Contrary to what the Wisconsin court just decided, the Kansas Supreme Court ruled in 2005 that a county clerk could charge a data-mining company $22,500 for the cost of removing dates of birth and Social Security numbers from databases the county kept on microfilm.

As in Wisconsin, the Kansas court looked to the wording and intent of the Kansas Open Records Act. The court decided that, under Kansas law, it was the legislature’s intent “that actual costs of furnishing copies of public records may be recovered by the agency and that the person seeking the records should bear the actual expense.” That, in the court’s opinion, meant all costs — including the time spent blanking out confidential information.

Other states take a split-the-difference view. Florida’s attorney general has advised that agencies may impose a “special service charge” for redactions, but only if redaction becomes a “time-consuming task” beyond the routine work that is always required when a person asks for records.

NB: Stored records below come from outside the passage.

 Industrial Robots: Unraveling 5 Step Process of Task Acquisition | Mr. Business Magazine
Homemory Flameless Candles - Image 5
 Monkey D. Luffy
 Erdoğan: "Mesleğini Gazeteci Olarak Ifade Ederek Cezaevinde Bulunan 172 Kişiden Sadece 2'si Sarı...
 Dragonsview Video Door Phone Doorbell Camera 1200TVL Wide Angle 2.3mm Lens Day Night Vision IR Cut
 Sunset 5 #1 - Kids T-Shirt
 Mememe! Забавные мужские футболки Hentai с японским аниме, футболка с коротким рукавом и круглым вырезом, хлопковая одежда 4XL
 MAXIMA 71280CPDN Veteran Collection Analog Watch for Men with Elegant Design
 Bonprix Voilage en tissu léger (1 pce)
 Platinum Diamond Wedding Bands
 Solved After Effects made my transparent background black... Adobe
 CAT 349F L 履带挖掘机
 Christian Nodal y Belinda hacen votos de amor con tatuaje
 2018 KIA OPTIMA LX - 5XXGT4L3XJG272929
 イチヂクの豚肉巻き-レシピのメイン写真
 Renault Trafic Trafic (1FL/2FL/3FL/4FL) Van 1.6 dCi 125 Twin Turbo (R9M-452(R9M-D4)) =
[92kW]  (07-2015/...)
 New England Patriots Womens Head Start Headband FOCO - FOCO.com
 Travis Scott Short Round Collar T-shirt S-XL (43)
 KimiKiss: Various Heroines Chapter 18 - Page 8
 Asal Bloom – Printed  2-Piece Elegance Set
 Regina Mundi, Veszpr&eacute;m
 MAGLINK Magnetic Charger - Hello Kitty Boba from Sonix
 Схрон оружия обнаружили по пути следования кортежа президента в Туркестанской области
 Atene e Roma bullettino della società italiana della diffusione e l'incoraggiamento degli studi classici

While there is disagreement over who must pay redaction costs, there is no disagreement that costs must be limited to what is strictly necessary for the custodian of the records to fulfill the request — with no gold plating.

It is regrettably common for agencies — whether driven by financial desperation or by a hope of discouraging future requests — to charge not just for a $12-an-hour clerk’s time in striking out confidential information, but for a $200-an-hour lawyer’s time deciding what to redact.

Several years ago, Portland’s Oregon Health Sciences University (“OHSU”) got schooled on the scope of allowable charges in a dispute with an animal-rights organization.

The organization, In Defense of Animals, asked OHSU for about $12,000 worth of records documenting the university’s animal experimentation practices. OHSU quoted a price of $151,000, representing its estimate of what reviewing and redacting the 75,000 pages would cost.

When the Oregon Court of Appeals took apart the bill, it turned out OHSU was trying to charge the rate for a veterinarian, not a clerk, to review the documents. That, the court decided, went far beyond what Oregon law allowed. As in most states, Oregon caps the expense of public records at what is “reasonably necessary” to cover the agency’s actual costs, and no more.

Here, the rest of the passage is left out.